Just How Honest Was Hitler Anyway?
It is important to be able to identify the difference between Hitler's public speeches and writing and what he really thought. A devious politician leading a nominally Christian country like 1930s Germany will say lots of Christian-sounding stuff to maintain popularity. Mein Kampf illustrates Hitler's views on propaganda:

"To whom should propaganda be addressed? … It must be addressed always and exclusively to the masses… The function of propaganda does not lie in the scientific training of the individual, but in calling the masses' attention to certain facts, processes, necessities, etc., whose significance is thus for the first time placed within their field of vision. The whole art consists in doing this so skilfully that everyone will be convinced that the fact is real, the process necessary, the necessity correct, etc. But since propaganda is not and cannot be the necessity in itself … its effect for the most part must be aimed at the emotions and only to a very limited degree at the so-called intellect… it's soundness is to be measured exclusively by its effective result". (Main Kampf, Vol 1, Ch 6 and Ch 12)

As an example of Hitler's honestly, consider the following from a letter by Hitler to the French fascist Hervé and published in the Nazi Völkischer Beobachter on October 26, 1930 [Heiden, Der Fuehrer, p. 414] :


"I think I can assure you that there is no one in Germany who will not with all his heart approve any honest attempt at an improvement of relations between Germany and France. My own feelings force me to take the same attitude... The German people has the solemn intention of living in peace and friendship with all civilized nations and powers... And I regard the maintenance of peace in Europe as especially desirable and at the same time secured, if France and Germany, on the basis of equal sharing of natural human rights, arrive at a real inner understanding... The young Germany, that is led by me and that finds its expression in the National Socialist Movement, has only the most heartfelt desire for an understanding with other European nations."

This is from the guy who started World War II.

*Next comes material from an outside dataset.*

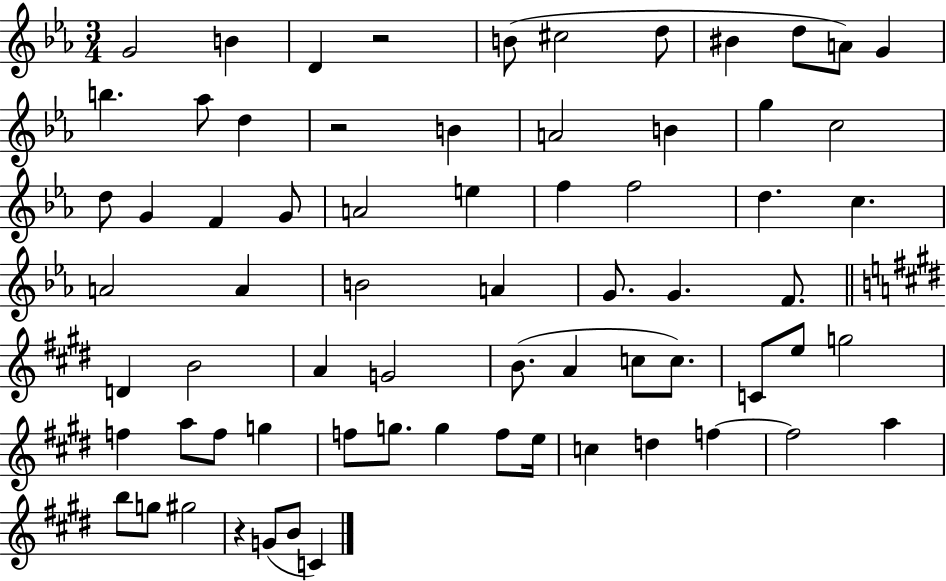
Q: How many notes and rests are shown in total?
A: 69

In a similar vein, consider this, from a speech in the Reichstag on 30 Jan. 1939:


"Amongst the accusations which are directed against Germany in the so called democracies is the charge that the National Socialist State is hostile to religion. In answer to that charge I should like to make before the German people the following solemn declaration:
1. No one in Germany has in the past been persecuted because of his religious views, nor will anyone in the future be so persecuted..."

Hmm… would you trust this guy's public announcements?